▶ GIVEN INFORMATION
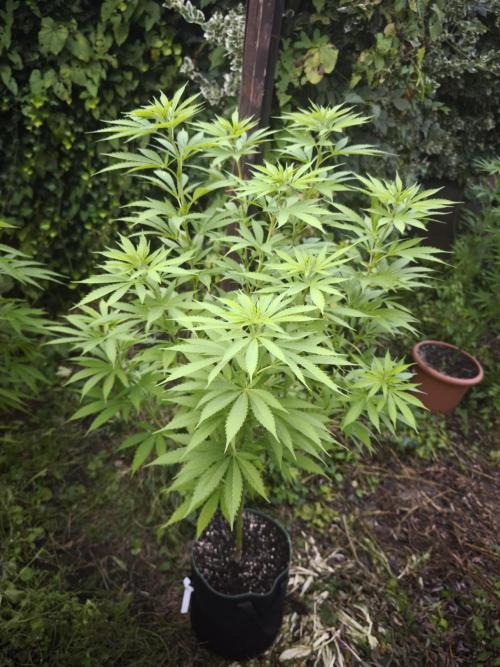 Outdoor 2026 - Atlantic Europe. Week 9 - Bubble Gum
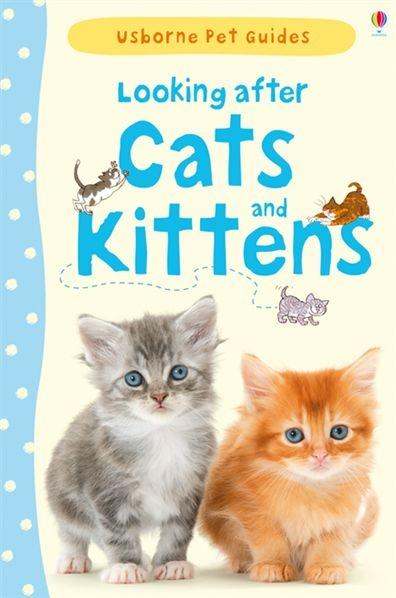 Cover: 9781409532422 | Looking after Cats and Kittens | Katherine Starke | Buch | Gebunden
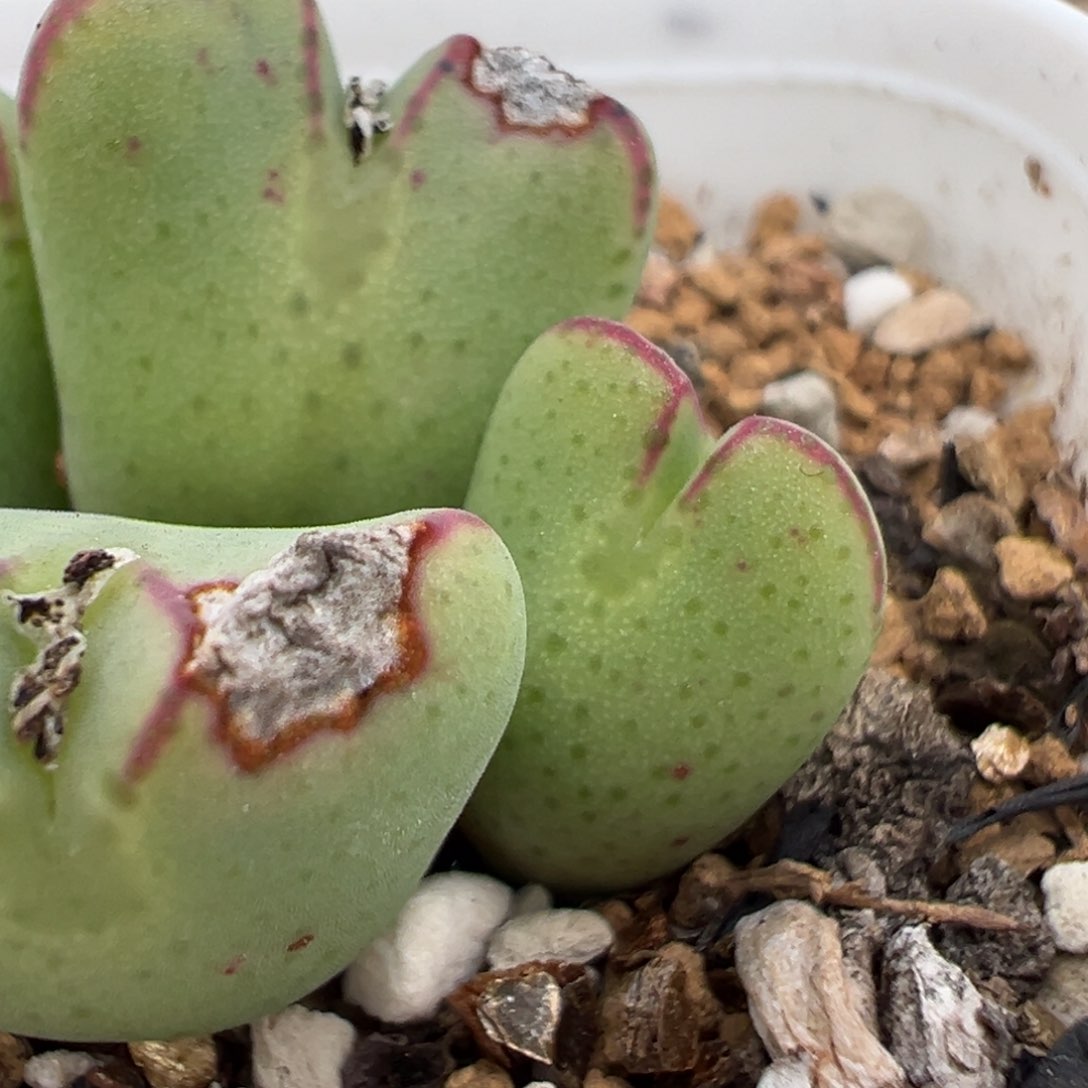 米**?106多肉植物百科知识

▶ TASK STATEMENT
Once the pictures are removed, copy the material above exactly.

▶ EXERCISE SOLUTION
 Outdoor 2026 - Atlantic Europe. Week 9 - Bubble Gum
 Cover: 9781409532422 | Looking after Cats and Kittens | Katherine Starke | Buch | Gebunden
 米**?106多肉植物百科知识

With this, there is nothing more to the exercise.